HAMBURGER SZENE VON KLAUS IRLER : Drei Flaschen leer
Früher hatten nur Geschäftsleute im Außendienst ein Navigationsgerät, heute fahren Rentner damit zum Hallenbad um die Ecke. Orientierung hat Konjunktur, und das Internet ist voll von Testberichten, die die technischen Daten jedes Toasters vergleichbar machen. Tageszeitungen schreiben nicht mehr, was gestern war, sondern was morgen sein wird. Die Orientierung boomt und interessant wird es, wenn es die Orientierung von der Medienwelt ins wirkliche Leben schafft.
Wie an jenem Samstag Vormittag in Eimsbüttel. Drei Altglas-Container gibt es an dieser Straßenecke, einen für Weiß-, einen für Braun- und einen für Grünglas. Ein unbekannter Altglas-Entsorger hat über den Einwurflöchern Flaschen postiert: Eine weiße Weinflasche beim Weißglas, eine braune Weinflasche beim Braunglas, eine grüne Weinflasche beim Grünglas. Ich brauchte einen Moment, um den Sinn des Arrangements zu deuten. Dann warf ich ein. Erfreut über die Orientierungshilfe.

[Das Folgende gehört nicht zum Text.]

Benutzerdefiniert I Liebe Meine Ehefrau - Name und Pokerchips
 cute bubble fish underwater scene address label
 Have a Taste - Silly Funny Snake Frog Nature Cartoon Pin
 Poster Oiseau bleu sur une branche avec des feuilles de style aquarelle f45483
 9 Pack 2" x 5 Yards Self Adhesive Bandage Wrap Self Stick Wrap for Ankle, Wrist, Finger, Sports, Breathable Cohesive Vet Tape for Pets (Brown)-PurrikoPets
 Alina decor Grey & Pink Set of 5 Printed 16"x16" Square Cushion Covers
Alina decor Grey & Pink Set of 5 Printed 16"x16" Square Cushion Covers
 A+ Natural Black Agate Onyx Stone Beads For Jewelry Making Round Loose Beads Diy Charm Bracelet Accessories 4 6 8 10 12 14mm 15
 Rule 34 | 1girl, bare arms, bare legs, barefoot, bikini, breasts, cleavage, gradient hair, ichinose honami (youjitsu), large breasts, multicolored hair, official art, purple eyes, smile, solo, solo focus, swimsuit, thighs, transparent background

Ich hätte gerne als Zeichen der Dankbarkeit drei volle Flaschen neben die drei leeren gestellt. Das tat ich aber nicht. Statt dessen kam ich zwei Wochen später zum Container und vermisste die Orientierungshilfe. Ich fütterte prompt den Grünglas-Container fälschlich mit Braunglas. Danach stellt ich drei Flaschen auf. Eine weiße, eine grüne und eine braune.